A demissão pode também ocorrer por mera conveniência, sendo que haverá lugar, neste caso a indemnização nos termos do EGP. Desta forma, o artigo 26º do EGP consagra no seu nº 1 que “o conselho de administração, a comissão executiva, o conselho de administração executivo ou o conselho geral e de supervisão podem ser livremente dissolvidos, ou o gestor público livremente demitido, conforme os casos, independentemente dos fundamentos constantes dos artigos anteriores”. Estamos perante um conceito indeterminado o que poderá levar a uma aplicação discricionária do preceito. E se de alguma forma pode haver motivos para desconfiar da nomeação ou eleição do gestor público, poderá também neste caso - e com maior fundamento-, existir razões que permitem tal desconfiança. Assim, e se não for possível demitir um gestor público por motivo justificado – como acima citado – poder-se-á fazê-lo por mera conveniência de serviço, que sendo um conceito indeterminado, pode ter por base qualquer fundamento – inclusive político. Por fim, cabe lembrar que segundo consta no nº 2 deste artigo, a cessação de funções pode ter lugar a qualquer tempo e compete ao órgão de nomeação ou de designação.

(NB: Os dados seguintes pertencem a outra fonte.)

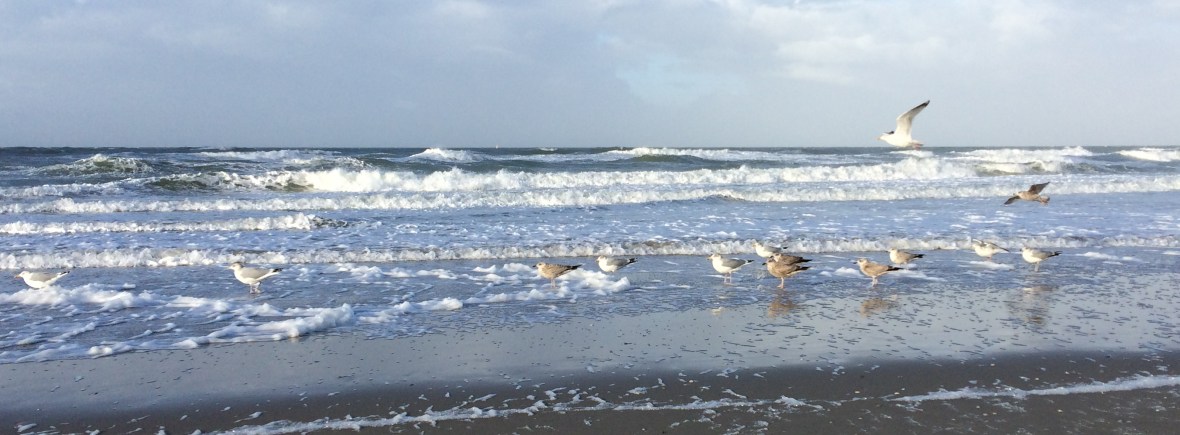 Coachgesprekken, coachproces, Life Coaching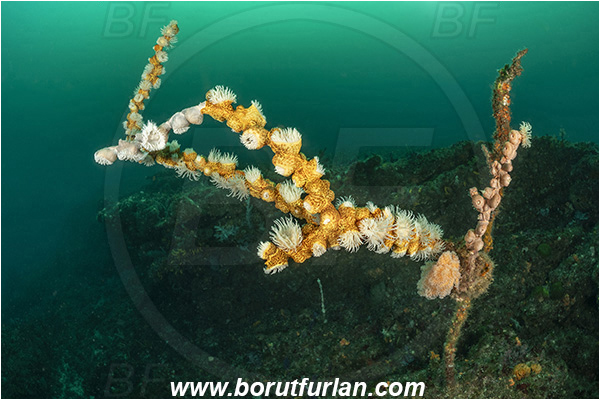 Landers, Umkomaas, South Africa, Indian ocean, Nemanthus sp. Nemanthus, Nemanthidae, Anthozoa, Cnidara, Cnidarian, Gorgonian wrapper, Coral, Anemone, Reef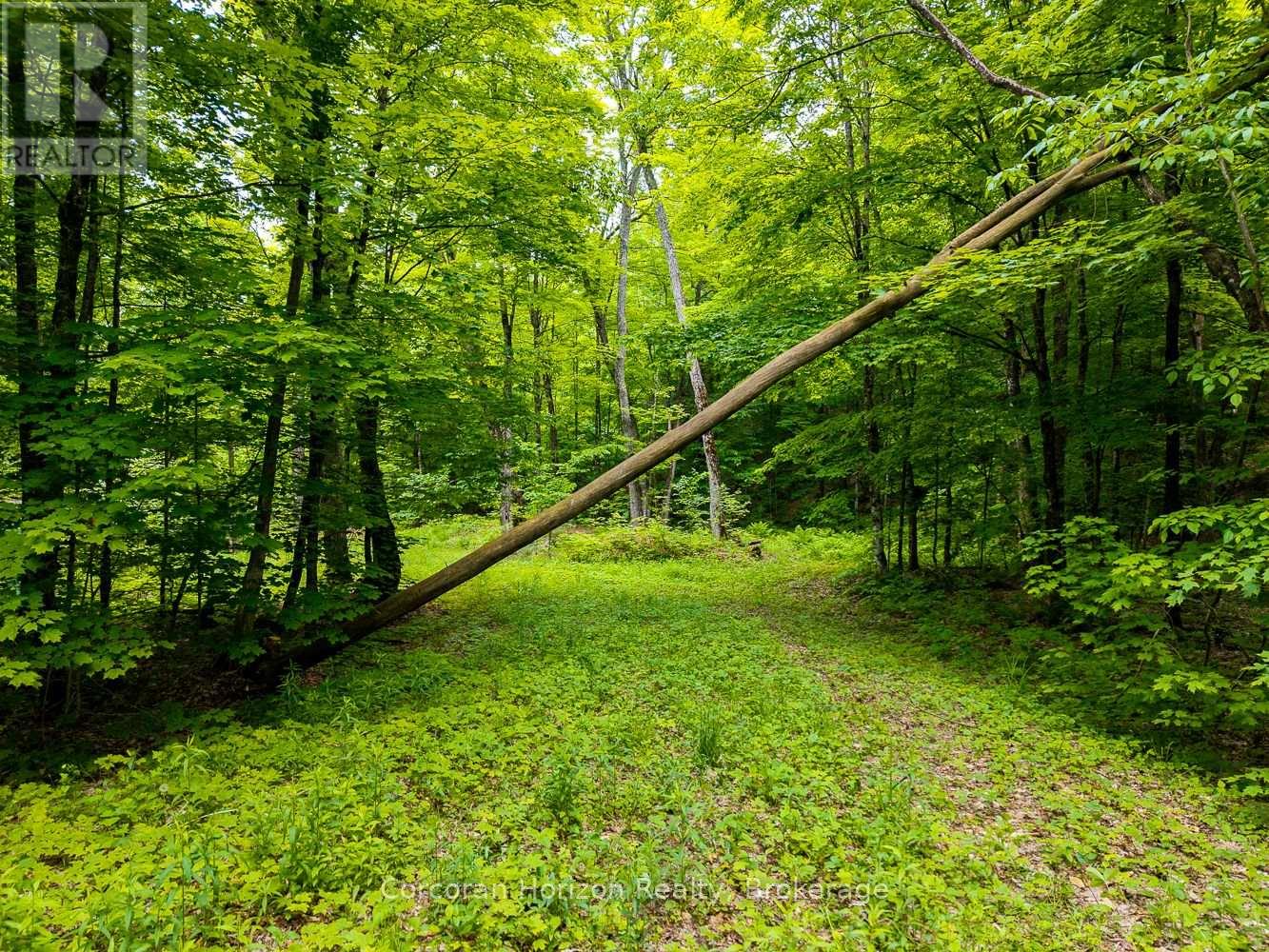 Part 4 118 Highway E, Bracebridge, Ontario  P1L 1X1 - Photo 43 - X12257540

A renúncia, por seu turno, encontra-se consagrada no artigo 27º do EGP que estabelece, no seu nº 1 que “o gestor público pode renunciar ao cargo, nos termos da lei comercial”, sendo que esta não carece de aceitação, apenas de comunicação aos órgãos de eleição ou de nomeação.
             
         Finalmente convém ressalvar que quanto à responsabilidade dos gestores públicos, dispõe o artigo 23º do Decreto-Lei nº 71/2007 que “os gestores públicos são penal, civil e financeiramente responsáveis pelos actos e omissões praticados durante a sua gestão, nos termos da lei”. Parece-nos uma solução ajustada, porquanto o anterior diploma que regulava o EGP – Decreto-Lei nº 464/82 – era, quanto a esta matéria, omisso.

         Em jeito conclusivo, cabe apreciar que apesar da revogação do Decreto-Lei nº 464/82 pelo Decreto-Lei nº 71/2007 e das alterações promovidas pelo Decreto-Lei nº 8/2012, são várias as incongruências e as falhas que podem ser apontadas ao actual Estatuto do Gestor Público, sendo para nós mais evidentes as relativas às diferenças de regime aplicável entre administradores nomeados ou eleitos, uma vez que na nossa óptica a sua legitimidade de actuação é idêntica, não sendo por consequência aceitável esta diferença de regime. Ficam portanto da nossa parte algumas considerações relativas à eleição ou nomeação, quanto à remuneração e quanto à cessação do mandato que, apreciando ou não, parecem ter o seu fundamento.